Section 8. Annotation
The variants we have detected can be annotated with information from known reference data. This can include, for instance
- whether the variant corresponds to a previously-observed variant in other samples, or across the population
- whether the variant is inside or near a known gene
- whether the variant is in a particular kind of genomic region (exon of a gene, UTR, etc)
- whether a variant is at a site predicted to cause a pathogenic effect on the gene when mutated
... and lots of other information!
Most human genes have multiple isoforms, i.e. multiple alternative splicings leading to alternative transcripts. The annotation information we get for a variant in the gene can depend on which transcript is used. In some cases, unless you request only one, you may see multiple alternative annotations for one variant.
For this workshop we will annotate our variants with the SnpEff tool, which has its own prebuilt annotation databases.
-
Annotate the detected variants. Select the tool NGS ANALYSIS -> NGS: Annotation -> SnpEff.
- Choose any of your generated lists of variants as the input VCF file in the first field.
- Select VCF as the output format as well. This will add the annotated information to the INFO column of the VCF file.
- As Genome source, select Named on demand. Then as the genome, enter "hg19". This should work on any server, even if the SnpEff annotation database for hg19 has not been previously installed.
- Make sure Produce Summary Stats is set to Yes.
- Execute SnpEff.
-
Examine the annotated information.
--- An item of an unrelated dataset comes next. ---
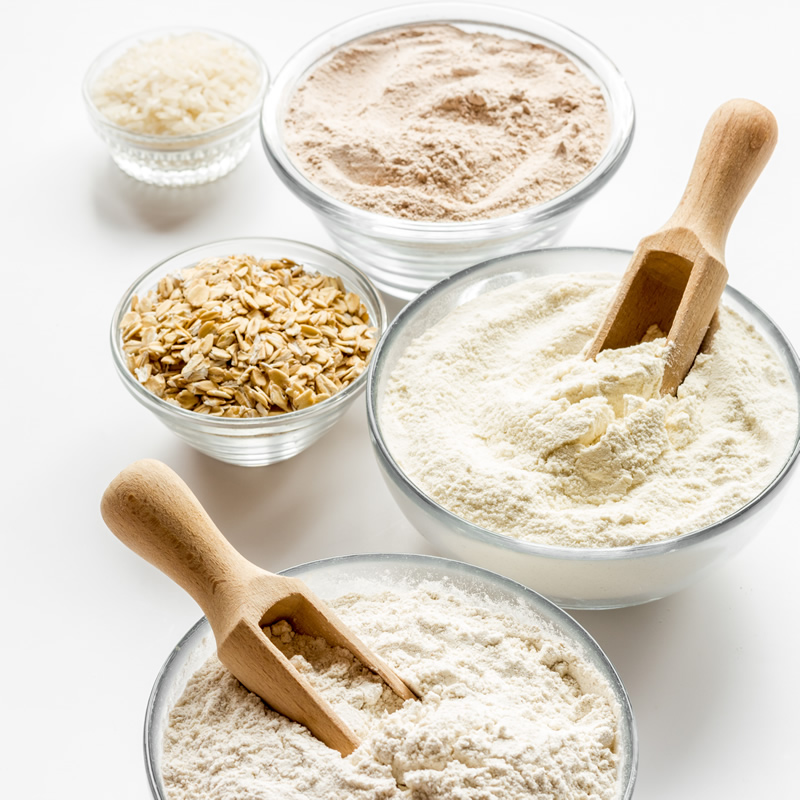 グルテーフリーアレルギー対応米粉へ変更オーダー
Click the eye icon on the resulting VCF file to view it.
- You should see more information in the INFO column for each variant.
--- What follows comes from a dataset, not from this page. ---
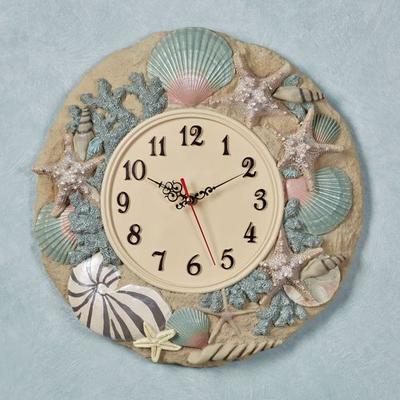 By the Sea Wall Clock Sand , Sand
- You should also see a few extra VCF header rows. In particular notice the new INFO=<ID=EFF... header row, listing the information added on the predicted effects of each variant.
- Have a look through a few variants. Variants not inside or near known genes will not have much annotated information, and may simply have a short EFF field listing the variant as being in an "intergenic region". Variants in known functional regions of the genome will be annotated with much more information.
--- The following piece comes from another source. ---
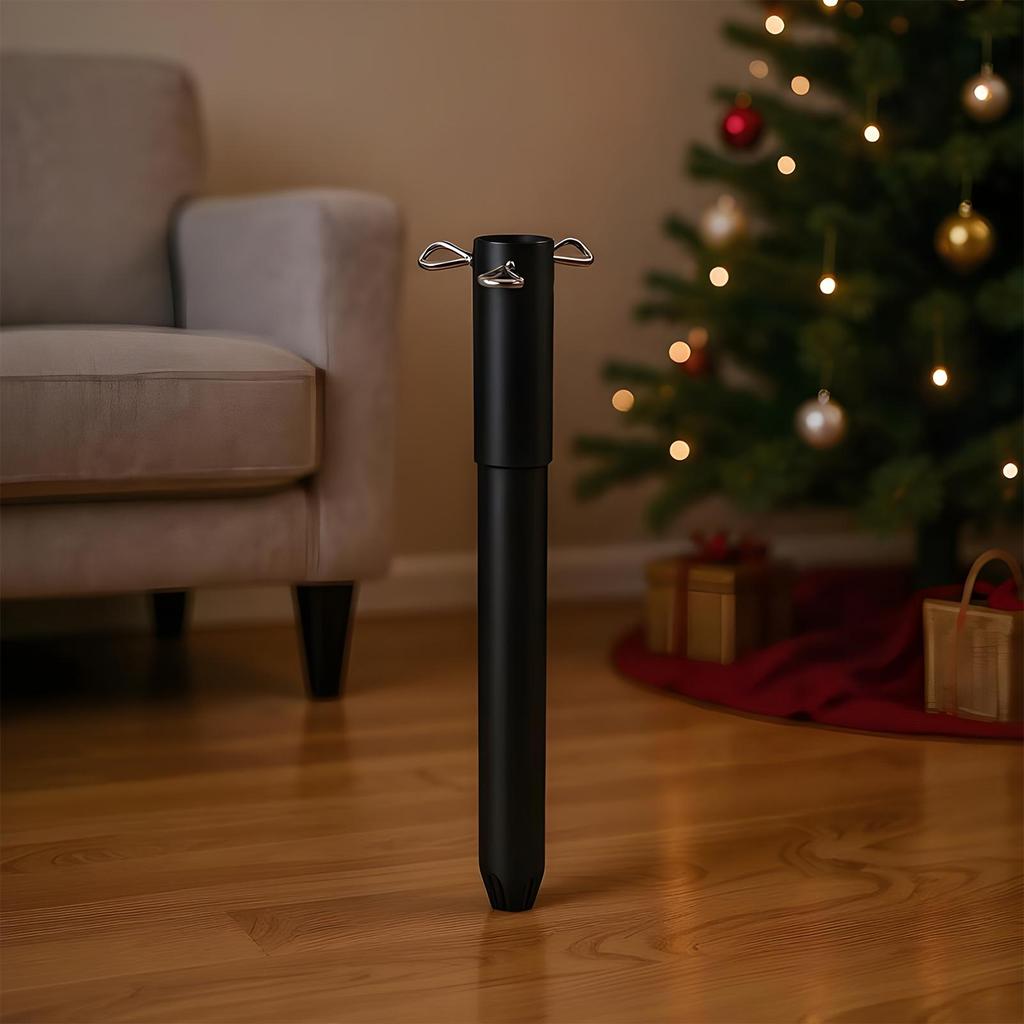 14.8-inch Iron Christmas Tree Height Extender For 0.5-1.25 Inch Tree Poles Christmas Tree Stand To Add Height 4.5 -7.5 Feet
- Try filtering to view only missense variants (i.e. substitutions which cause an amino acid change) by using the Galaxy tool BASIC TOOLS -> Filter and Sort -> Select on your annotated VCF file and filtering for lines matching the string "missense_variant".
-
Examine the annotation summary stats. The other file SnpEff produces is an HTML document with a summary of the annotations applied to the observed variants. Examine the contents of this file.
- You will see summaries of types of variants, impact of variants, functional regions etc. Go through these tables and graphs and see if you understand what they represent.
- Where are most of the variants found (in exons, introns etc)? Does this match what you'd expect?